Christine Freeman: We know that children who are read to on a regular basis have larger vocabularies and it makes them more ready for kindergarten, right. They learn patience, they sit while they're read to. And also, like I said earlier, it's just a form of family engagement that we really want to encourage.
Lauren Martino: So all of this seems geared around introducing five-year-olds and younger to reading. Can you tell us a little bit about why it's so important to read to five-year-olds and younger? I mean, when exactly do you start reading to children?
Olivia Darrell: The day they're born you can start reading to them. There are so many reasons that it's important to be reading to young children. We want to associate reading with positive experiences. They will be able to develop language and literacy skills. They'll be able to recognize reading rules and patterns such as text going from left to right and top to bottom. And ultimately, we want kids to be prepared to learn to read when they enter kindergarten, which will lead to greater success in school.
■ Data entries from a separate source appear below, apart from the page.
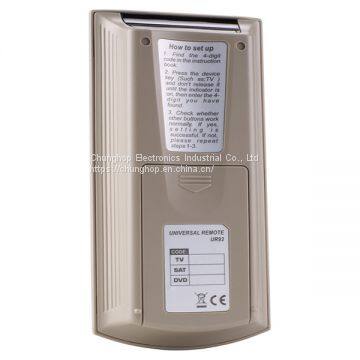 UR93 Universal Remote Control With Operation 3 Devices in 1 Remote With Learning Functions photo-2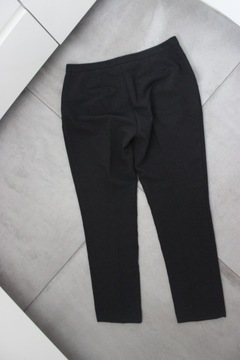 NEW LOOK spodnie czarne eleganckie 42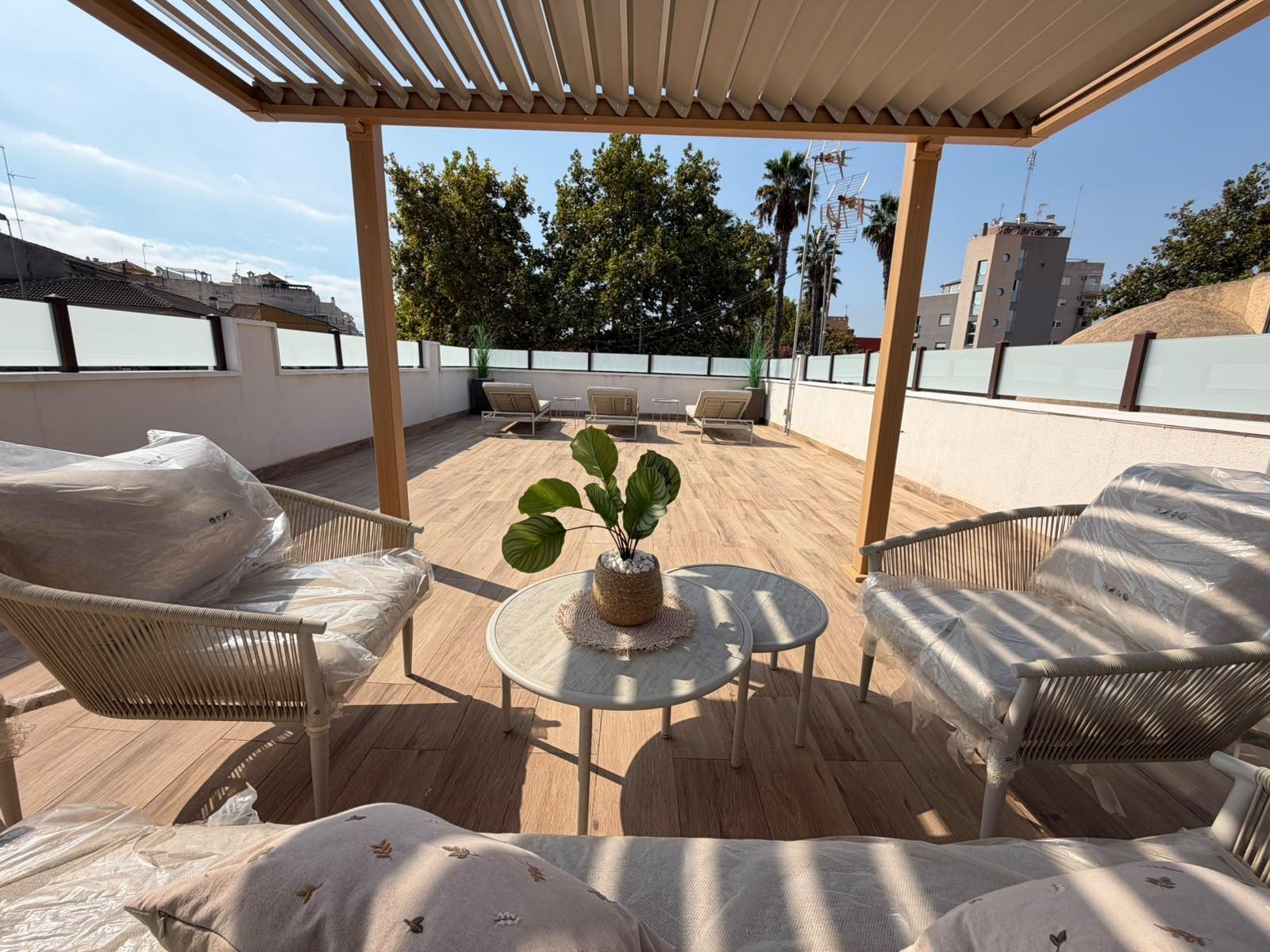 Kaupunkipientalo Torrevieja, Alicante, Espanja 2 makuuhuonetta, 80 m2 No. 196974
Christine Freeman: And we know that babies love to hear the sound of their parents or caregiver's voice. So every time they're read to it's comforting to them. And as they grow older they will associate words with pictures and sounds, and that's how we create readers.
Olivia Darrell: Christine mentioned vocabulary. When a child is learning to read once they're in elementary school they can't read a word unless they've heard a word before. So, even those picture books that have really big vocabulary words are great for young children because we want them to be exposed to as many words as possible.
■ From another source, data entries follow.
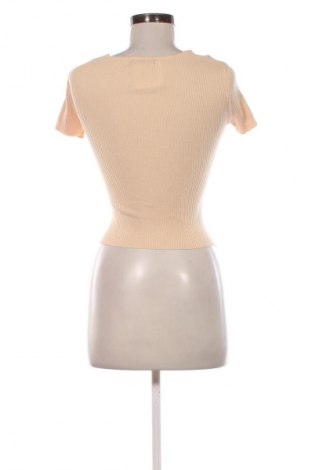 Damen Shirt SHEIN, Größe S, Farbe Beige, Preis 8,99 €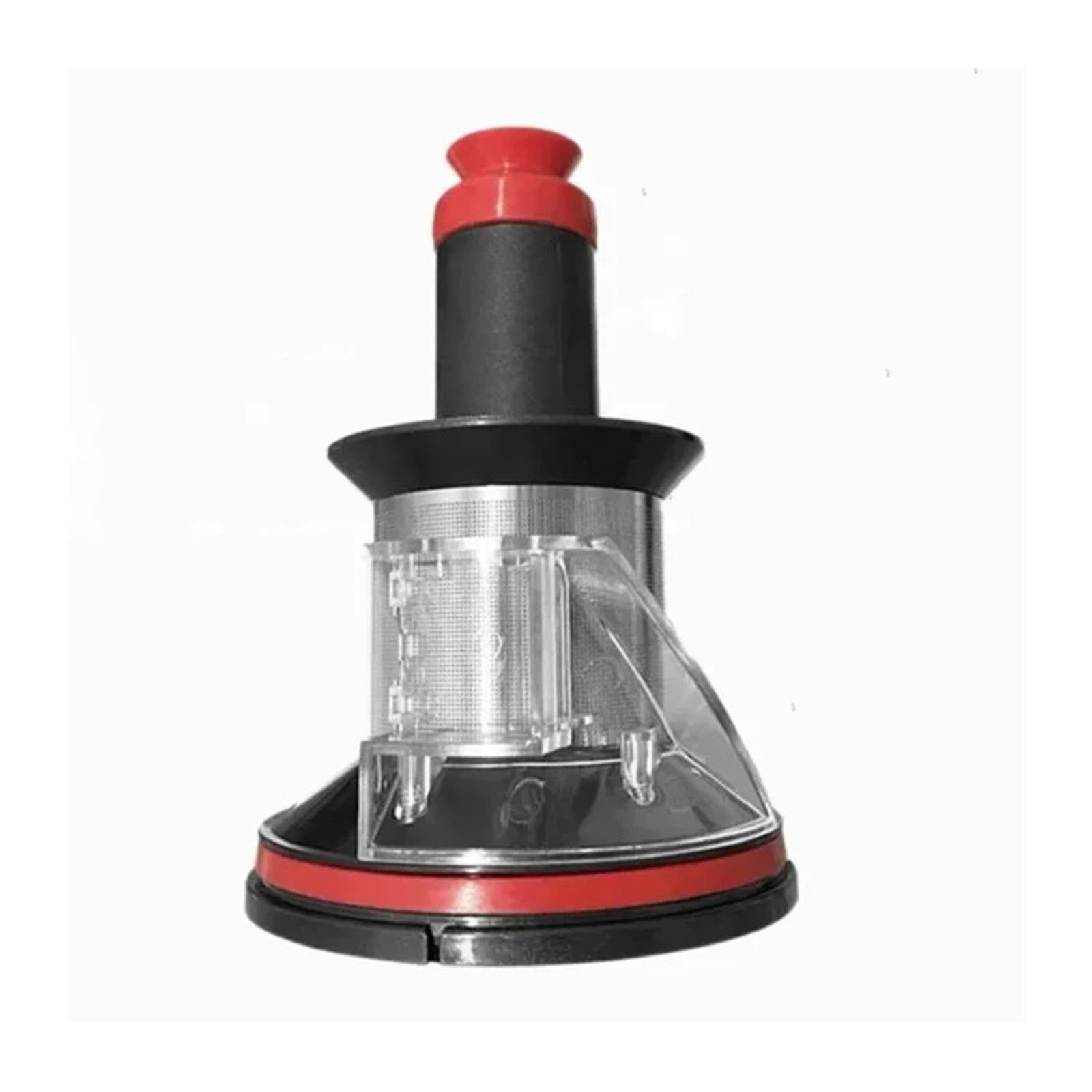 Accesorios de filtro y vaso for polvo lavables de repuesto, accesorio de repuesto for contenedor de polvo for aspiradora inalámbrico de mano Compatible con P10 P11(Red)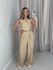 CONJUNTO LÍVIA CINTO CALÇA NUDE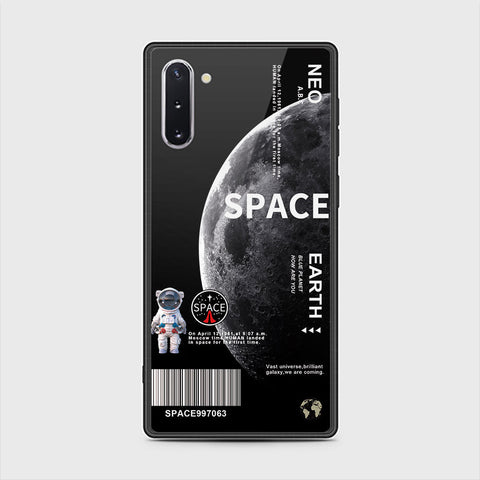 Samsung Galaxy Note 10 Cover - Design 13 - HQ Ultra Shine Premium Infinity Glass Soft Silicon Borders Case ( Fast Delivery )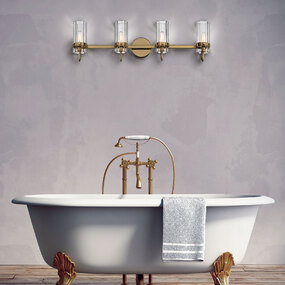 Brook Bathroom Vanity Light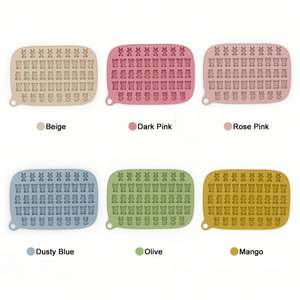 Fábrica al por mayor personalizado sin BPA bandeja de cubitos de hielo forma de oso Mini Chocolate Gummy Candy moldes de silicona - Product Image 5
Christine Freeman: And you get words in picture books that you don't get, like, walking on the street.
Olivia Darrell: Absolutely, yes.
Lauren Martino: They do.
Christine Freeman: This morning I did story time and we had trestles.
Lauren Martino: Trestles? Oh, let me guess, Freight Train.
Olivia Darrell: Yes.
Christine Freeman: I told them that's our vocabulary word for the day, and we defined what a trestle was.
Julie Dina: Well, we do know what the word for this show is, a 1000. And I can tell you, especially since I'm with the outreach department, we're all excited. We've been promoting this program everywhere we go. However, I do get a lot of people asking me questions such as, "A 1000 books. How am I supposed to break this down day by day? Could you suggest tips and tricks on how I can make this journey fun and exciting for the kids?" And the parent says - well, so what can you guys tell us?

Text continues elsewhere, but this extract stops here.